What this task involves: In the listing below, find the line that contains "아베크롬비 머슬핏 데미지 후드집업" and the line that contains "初代关羽陆树铭终为钱低头和于荣光共同代言手游爷青回". Quote both and every line between them, exactly, and nothing more.

Source records:
|---|
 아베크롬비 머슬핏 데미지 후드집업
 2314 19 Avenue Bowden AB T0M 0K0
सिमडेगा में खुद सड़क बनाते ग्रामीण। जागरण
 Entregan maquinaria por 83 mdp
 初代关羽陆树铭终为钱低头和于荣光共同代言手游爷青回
|---|
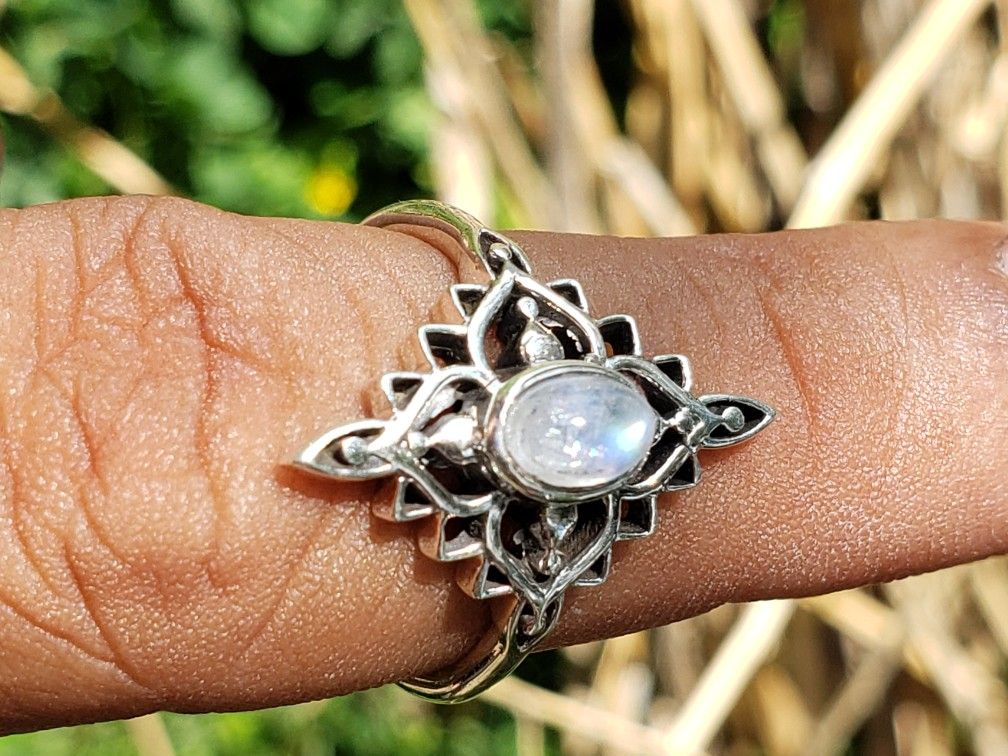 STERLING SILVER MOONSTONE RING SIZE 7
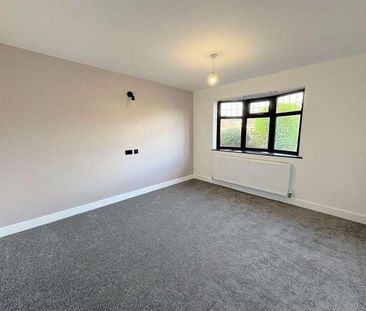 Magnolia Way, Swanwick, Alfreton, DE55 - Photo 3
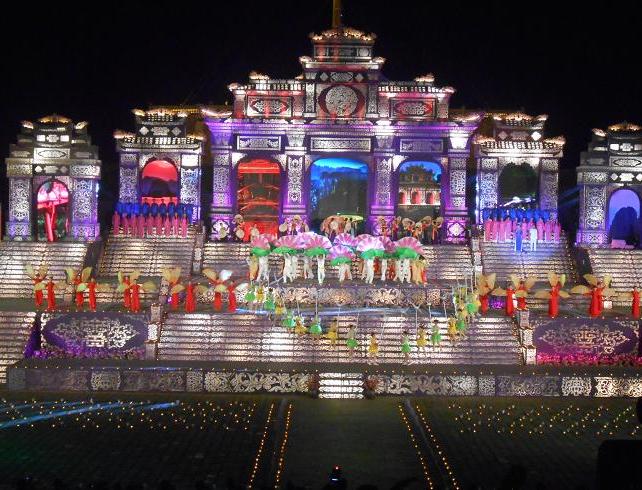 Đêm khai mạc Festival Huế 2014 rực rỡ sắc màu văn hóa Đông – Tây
|---|
Reply:
 아베크롬비 머슬핏 데미지 후드집업
 2314 19 Avenue Bowden AB T0M 0K0
सिमडेगा में खुद सड़क बनाते ग्रामीण। जागरण
 Entregan maquinaria por 83 mdp
 初代关羽陆树铭终为钱低头和于荣光共同代言手游爷青回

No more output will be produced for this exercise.